■ WORK INSTRUCTION ■
In your copy of the data, include no pictures and alter nothing else.

■ DATA RECORDS ■
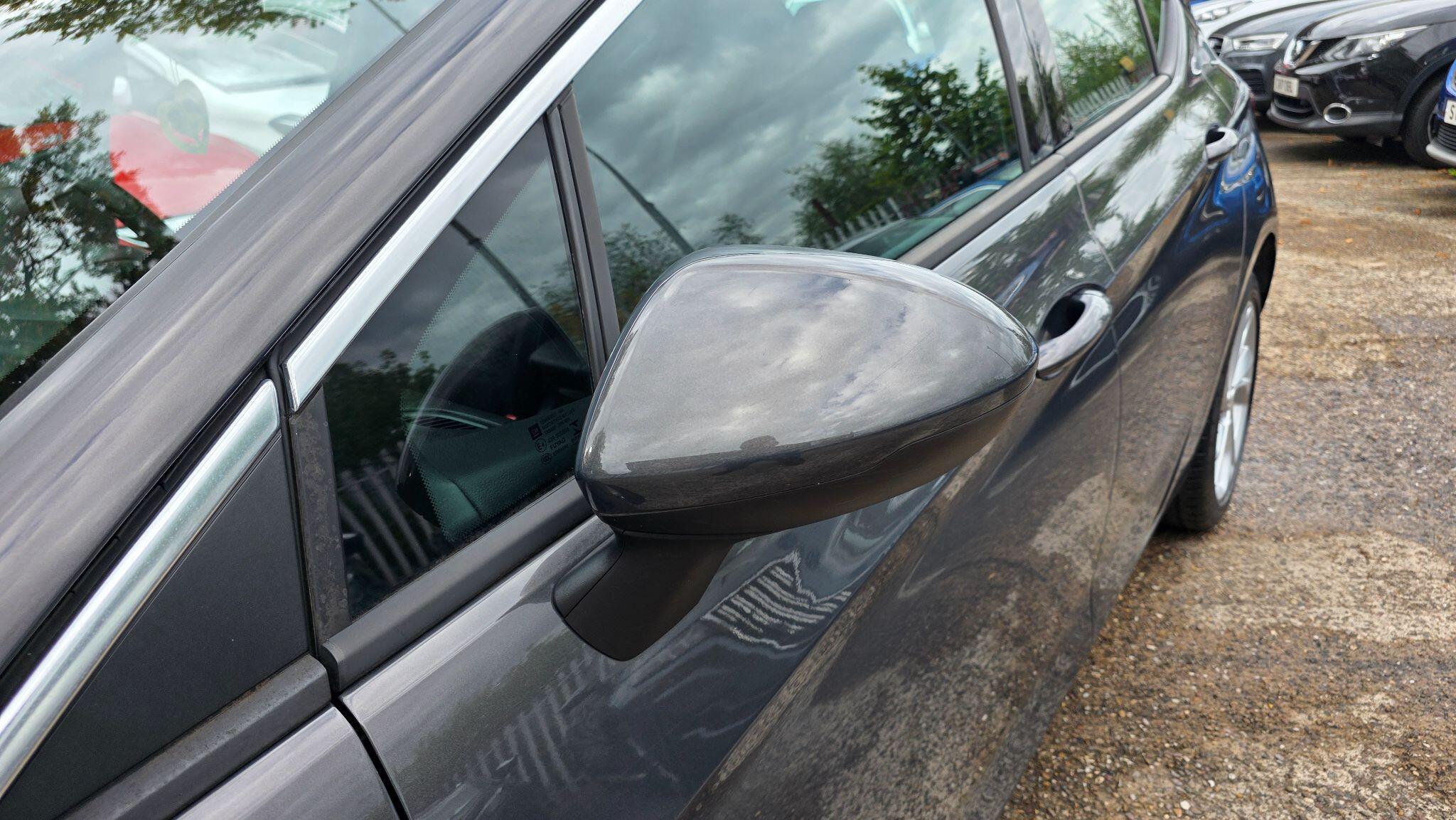 Vauxhall Astra view 17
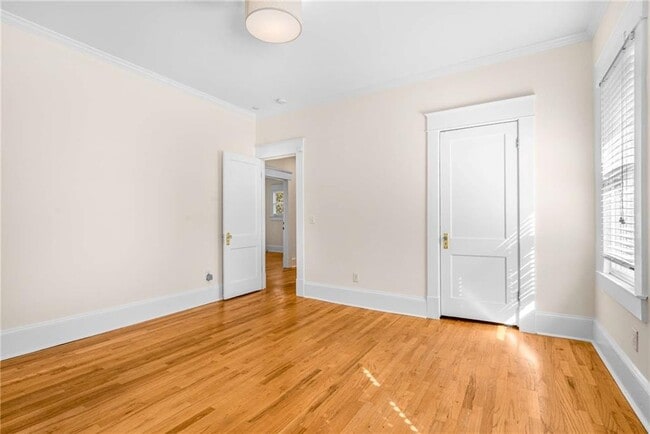 Building Photo - 288 Augusta Ave SE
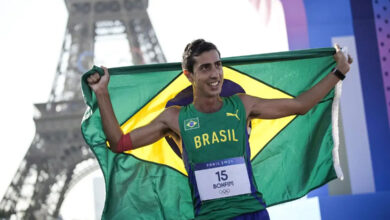 Foto de Caio Bonfim fatura prata inédita para o Brasil na marcha atlética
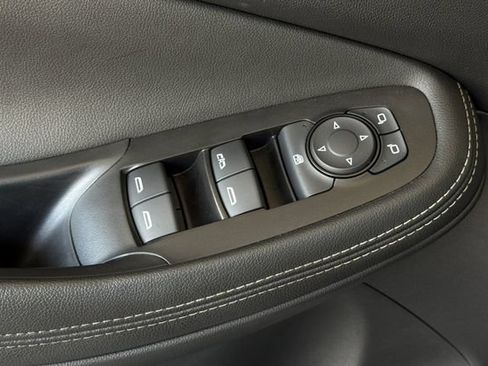 Used 2025 Buick Encore GX Preferred FWD image 12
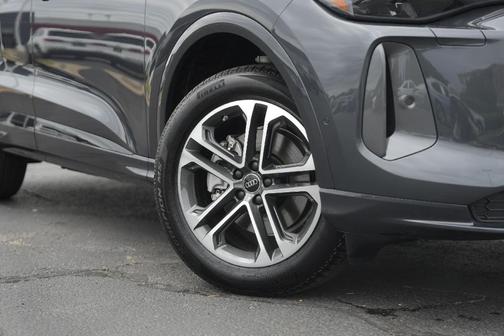 2025 Audi Q5 2.0T quattro Premium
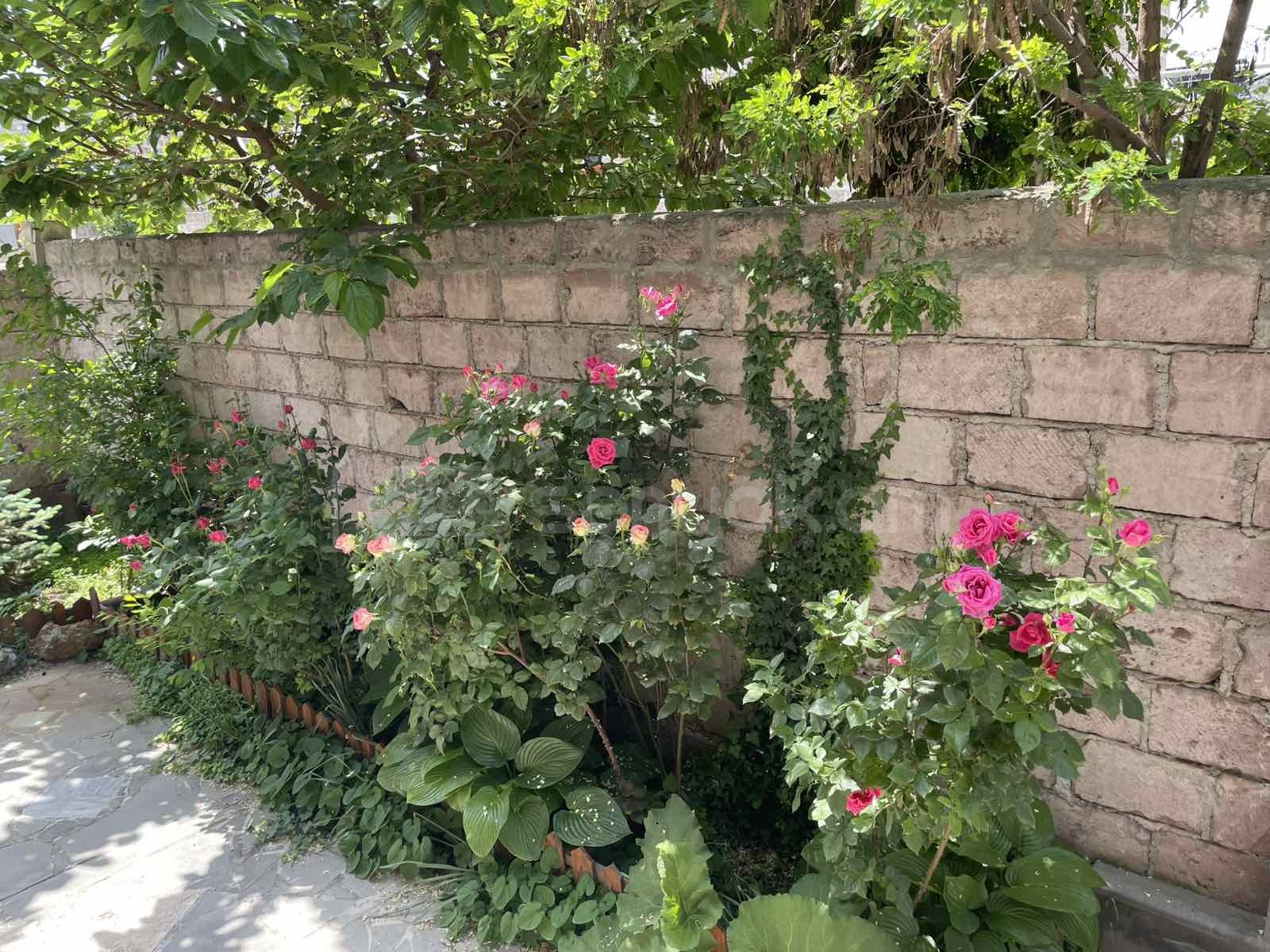 8 Սենյականոց Շքեղ Առանձնատուն, 300քմ, Ավտոտնակով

■ WRITTEN RESPONSE ■
 Vauxhall Astra view 17
 Building Photo - 288 Augusta Ave SE
 Foto de Caio Bonfim fatura prata inédita para o Brasil na marcha atlética
 Used 2025 Buick Encore GX Preferred FWD image 12
 2025 Audi Q5 2.0T quattro Premium
 8 Սենյականոց Շքեղ Առանձնատուն, 300քմ, Ավտոտնակով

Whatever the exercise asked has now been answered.